Data for processing:
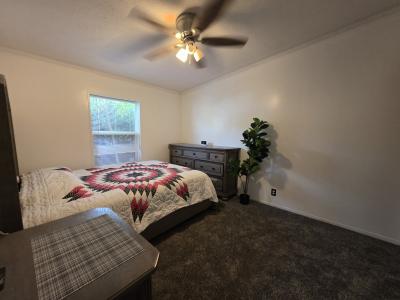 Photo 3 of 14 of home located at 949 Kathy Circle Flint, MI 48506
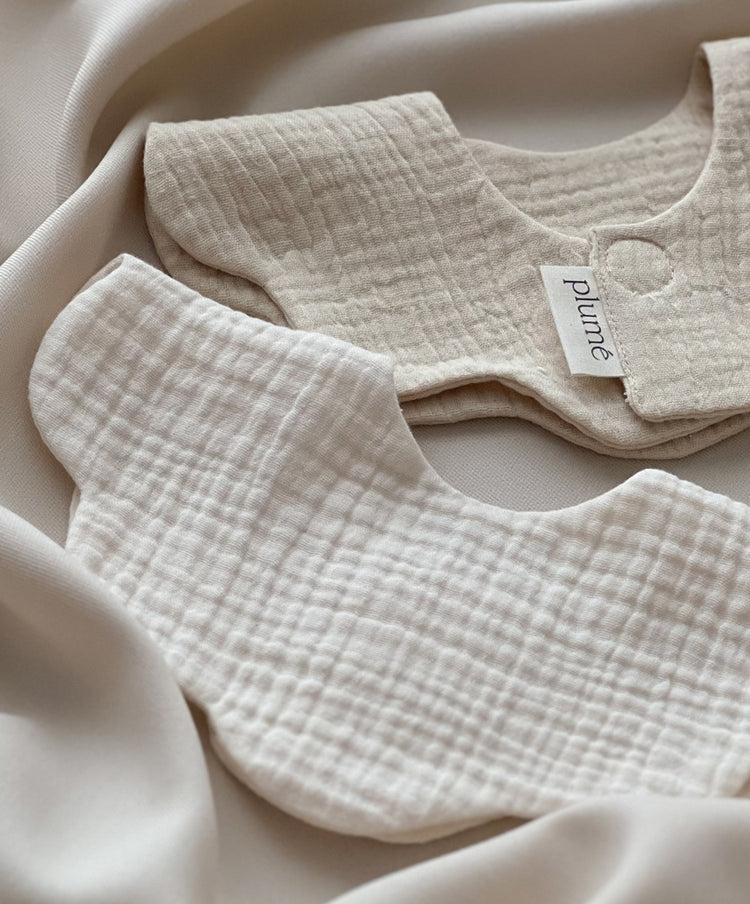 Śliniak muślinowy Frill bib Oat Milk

--

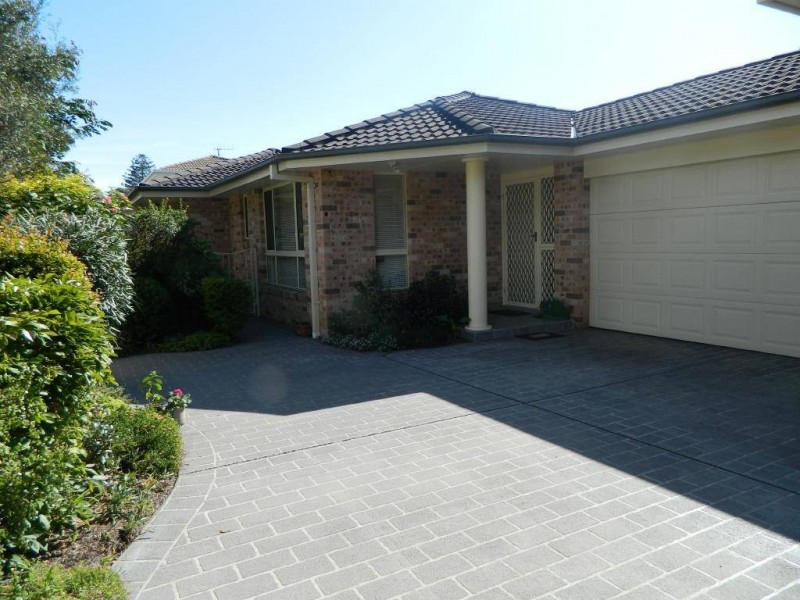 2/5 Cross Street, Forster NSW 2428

==

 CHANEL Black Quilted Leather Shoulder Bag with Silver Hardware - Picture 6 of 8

Aim of the task:
Please repeat, exactly as written, the lines in the records above, starting with the one that has "Photo 3 of 14" and going on through the one that has "Śliniak muślinowy Frill bib Oat Milk". Pictures are to be left out.

Solution for this exercise:
 Photo 3 of 14 of home located at 949 Kathy Circle Flint, MI 48506
 Śliniak muślinowy Frill bib Oat Milk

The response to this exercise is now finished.